Propaganda machine

Former government members run data firm behind successful leftist electoral campaigns in Hungary

Ex-PM Gordon Bajnai, former Minister for Intelligence Ádám Ficsor, campaign strategist Viktor Szigetvári, sociologist Tibor Dessewffy teamed up behind the Datadat group. The secretive company ran the Facebook ad campaign behind last year’s electoral successes for the united opposition.

A select group of top former politicians run the companies responsible for the lion’s share of the Facebook ad campaign of the united opposition during last year’s municipal elections in Hungary.

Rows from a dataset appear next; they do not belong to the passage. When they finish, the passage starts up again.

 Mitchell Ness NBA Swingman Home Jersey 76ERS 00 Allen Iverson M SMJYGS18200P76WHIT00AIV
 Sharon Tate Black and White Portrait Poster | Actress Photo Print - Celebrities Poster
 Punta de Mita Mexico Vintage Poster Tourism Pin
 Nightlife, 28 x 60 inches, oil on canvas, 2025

The elections ended with surprise wins for the rainbow coalition of opposition groups, who managed to wrest control of Budapest and several other bigger cities from the ruling Fidesz party.

The opposition, drawing on limited resources in the face of overwhelming political, financial, and media superiority, in the online arena centred its efforts on EzaLényeg, a newly established news site. Átlátszó has already reported that EzaLényeg’s ‘news’, though not fake per se, were in fact carefully crafted and targeted messages aiming to resonate with various electoral groups and then given publicity via the spending of some 68,3 million HUF on Facebook’s advertising system.

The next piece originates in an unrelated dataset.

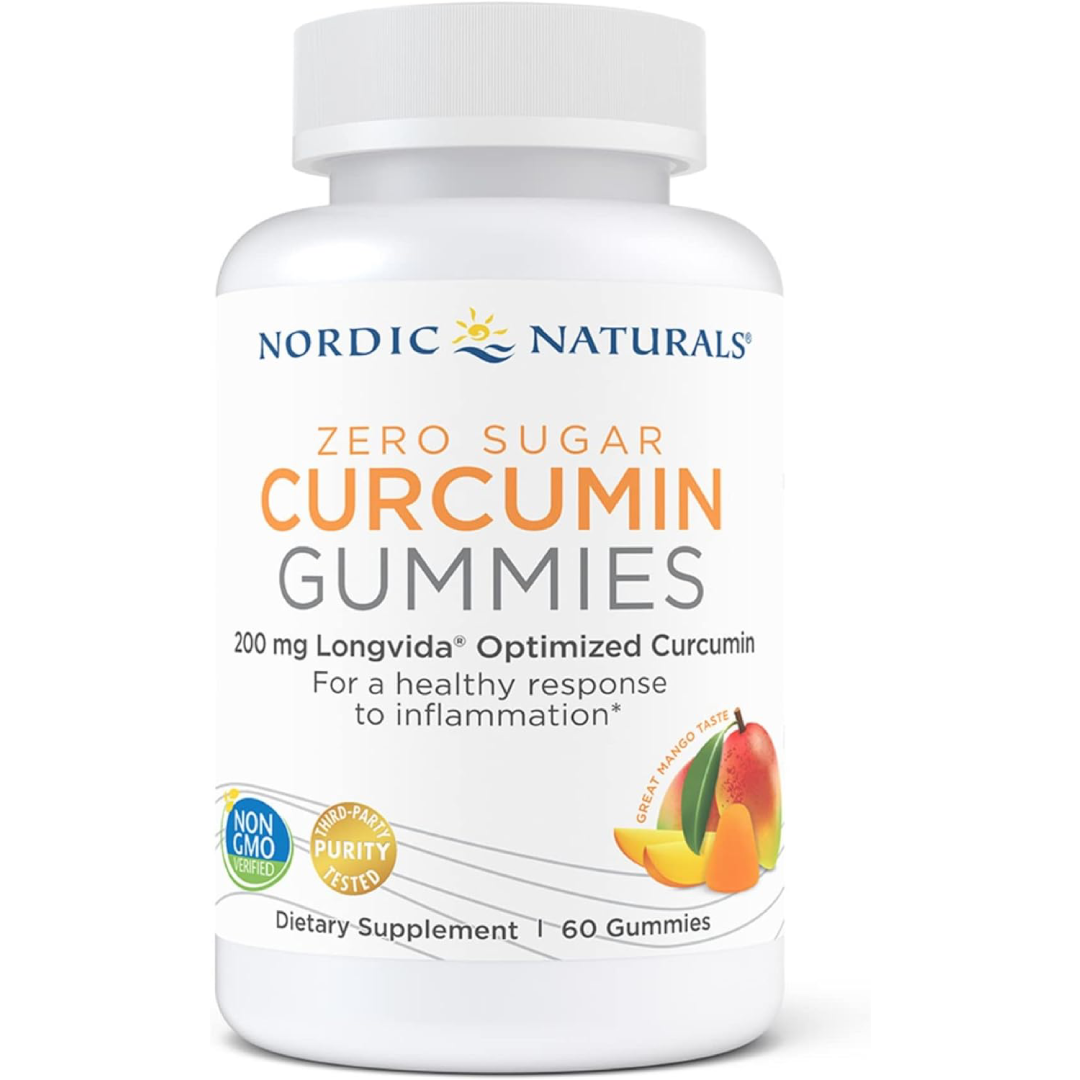 Nordic Naturals - Gomitas de curcumina Zero Sugar Mango - 60 gomitas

Now we’re pulling the curtain back on the group running the core of the operation. Former PM Gordon Bajnai, former Minister for Intelligence Ádám Ficsor, campaign strategist Viktor Szigetvári and sociologist Tibor Dessewffy are all, in various ways, partaking in the company group Datadat. The group includes Hungary-registered Datadat Professional Kft., which is responsible for politics-related activity, and B2B-oriented Datalyze Kft. and Datadat HR Kft., as well as Datadat OÜ, registered in Estonia. According to our sources, this group is responsible for EzaLényeg’s targeting.

Datadat Kft. is explicitly mentioned as ‘data processor’ on websites of several politicians, including MEP Klára Dobrev, PM-s László Varju and Oláh Lajos, and ex talk show host Olga Kálmán, all of whom are members of Demokratikus Koalíció (DK), a centre-liberal opposition party, and also Nyugati Fény, a news commentary site considered close to DK. Our sources say that the Messenger-bot of former PM Ferenc Gyurcsány, the president of DK is also the result of Datadat’s work.

Datadat OÜ is featured on the site of DK itself as responsible for software engineering, and as data processor on the site of last year’s electoral party of the united opposition in the town of Miskolc. Particularly worded privacy policies on other websites, which forgo exactly naming their data processors, hint at Datadat’s possible role at EzaLényeg, Idea Intézet, a left-leaning political analyst think tank, Partizán, a leftist video news channel, and also on the Facebook pages of the opposition’s electoral party in Szombathely and a single Socialist politician who ran for a seat in Kiskunfélegyháza.

Datadat’s own website advertises services including software helping messenger-bots and running connected databases sourced via various social media channels, reminiscent of the services provided by infamous Cambridge Analytica.